▶ [DESCRIPTION OF THE TASK]: After finding the line with "A beach towel" in the data below, set down exactly each line through the one with "Green smooth matcha", inclusive, and stop there.

▶ [MATERIAL FOR THIS EXERCISE]:
=== Section Start ===

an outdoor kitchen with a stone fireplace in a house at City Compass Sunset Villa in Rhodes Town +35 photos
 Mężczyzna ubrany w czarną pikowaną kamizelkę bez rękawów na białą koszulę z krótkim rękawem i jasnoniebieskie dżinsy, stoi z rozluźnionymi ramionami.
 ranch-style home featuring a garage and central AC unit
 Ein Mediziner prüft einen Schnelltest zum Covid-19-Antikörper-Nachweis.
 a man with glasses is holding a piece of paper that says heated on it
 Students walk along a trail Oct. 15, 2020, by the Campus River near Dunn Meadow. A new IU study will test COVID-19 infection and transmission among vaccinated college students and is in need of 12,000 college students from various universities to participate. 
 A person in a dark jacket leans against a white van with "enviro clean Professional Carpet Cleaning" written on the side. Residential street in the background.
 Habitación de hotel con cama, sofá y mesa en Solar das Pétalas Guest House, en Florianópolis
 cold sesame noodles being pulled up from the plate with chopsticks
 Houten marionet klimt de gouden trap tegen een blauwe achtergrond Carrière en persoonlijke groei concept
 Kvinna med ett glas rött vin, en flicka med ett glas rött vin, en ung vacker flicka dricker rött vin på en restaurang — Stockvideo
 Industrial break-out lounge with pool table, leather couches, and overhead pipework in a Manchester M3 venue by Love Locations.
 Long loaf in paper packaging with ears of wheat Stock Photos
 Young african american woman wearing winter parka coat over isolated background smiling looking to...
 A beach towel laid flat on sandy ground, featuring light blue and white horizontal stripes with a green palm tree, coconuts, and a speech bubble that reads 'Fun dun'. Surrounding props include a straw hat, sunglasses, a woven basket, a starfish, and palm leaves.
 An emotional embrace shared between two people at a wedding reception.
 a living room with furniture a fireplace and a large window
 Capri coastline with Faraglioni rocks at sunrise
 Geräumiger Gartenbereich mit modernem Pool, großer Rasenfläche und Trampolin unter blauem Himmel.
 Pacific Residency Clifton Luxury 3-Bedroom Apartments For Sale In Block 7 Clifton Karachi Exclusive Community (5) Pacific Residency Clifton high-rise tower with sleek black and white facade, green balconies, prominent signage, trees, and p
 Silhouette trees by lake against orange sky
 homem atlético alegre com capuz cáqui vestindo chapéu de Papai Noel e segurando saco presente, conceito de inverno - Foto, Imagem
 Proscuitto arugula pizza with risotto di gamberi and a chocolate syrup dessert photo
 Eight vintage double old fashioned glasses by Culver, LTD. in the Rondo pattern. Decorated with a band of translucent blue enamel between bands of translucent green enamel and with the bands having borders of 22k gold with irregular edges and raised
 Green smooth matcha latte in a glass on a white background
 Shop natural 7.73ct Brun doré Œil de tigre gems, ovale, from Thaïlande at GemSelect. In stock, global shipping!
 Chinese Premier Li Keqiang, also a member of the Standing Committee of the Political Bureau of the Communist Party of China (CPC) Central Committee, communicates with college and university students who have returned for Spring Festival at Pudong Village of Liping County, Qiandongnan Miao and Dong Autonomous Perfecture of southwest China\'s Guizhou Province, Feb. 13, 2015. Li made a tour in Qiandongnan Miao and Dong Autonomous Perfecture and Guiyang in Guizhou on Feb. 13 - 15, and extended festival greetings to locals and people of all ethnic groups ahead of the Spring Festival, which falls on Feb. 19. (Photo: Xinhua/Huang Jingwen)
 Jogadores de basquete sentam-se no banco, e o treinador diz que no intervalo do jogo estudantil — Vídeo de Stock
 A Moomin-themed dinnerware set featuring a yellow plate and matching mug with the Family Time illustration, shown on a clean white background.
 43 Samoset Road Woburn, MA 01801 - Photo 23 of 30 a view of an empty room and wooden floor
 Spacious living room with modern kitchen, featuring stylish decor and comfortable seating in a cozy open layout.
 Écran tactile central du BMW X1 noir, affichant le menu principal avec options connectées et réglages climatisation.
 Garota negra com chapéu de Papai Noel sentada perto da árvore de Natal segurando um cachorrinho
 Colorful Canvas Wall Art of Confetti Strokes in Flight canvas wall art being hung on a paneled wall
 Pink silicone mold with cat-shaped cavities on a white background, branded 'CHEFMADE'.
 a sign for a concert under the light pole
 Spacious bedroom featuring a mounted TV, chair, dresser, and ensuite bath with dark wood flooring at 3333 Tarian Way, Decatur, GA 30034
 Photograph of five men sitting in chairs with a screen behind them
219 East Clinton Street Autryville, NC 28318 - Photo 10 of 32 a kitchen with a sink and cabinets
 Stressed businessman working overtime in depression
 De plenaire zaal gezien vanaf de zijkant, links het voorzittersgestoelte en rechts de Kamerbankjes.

=== Section End ===

▶ [REPLY]:
 A beach towel laid flat on sandy ground, featuring light blue and white horizontal stripes with a green palm tree, coconuts, and a speech bubble that reads 'Fun dun'. Surrounding props include a straw hat, sunglasses, a woven basket, a starfish, and palm leaves.
 An emotional embrace shared between two people at a wedding reception.
 a living room with furniture a fireplace and a large window
 Capri coastline with Faraglioni rocks at sunrise
 Geräumiger Gartenbereich mit modernem Pool, großer Rasenfläche und Trampolin unter blauem Himmel.
 Pacific Residency Clifton Luxury 3-Bedroom Apartments For Sale In Block 7 Clifton Karachi Exclusive Community (5) Pacific Residency Clifton high-rise tower with sleek black and white facade, green balconies, prominent signage, trees, and p
 Silhouette trees by lake against orange sky
 homem atlético alegre com capuz cáqui vestindo chapéu de Papai Noel e segurando saco presente, conceito de inverno - Foto, Imagem
 Proscuitto arugula pizza with risotto di gamberi and a chocolate syrup dessert photo
 Eight vintage double old fashioned glasses by Culver, LTD. in the Rondo pattern. Decorated with a band of translucent blue enamel between bands of translucent green enamel and with the bands having borders of 22k gold with irregular edges and raised
 Green smooth matcha latte in a glass on a white background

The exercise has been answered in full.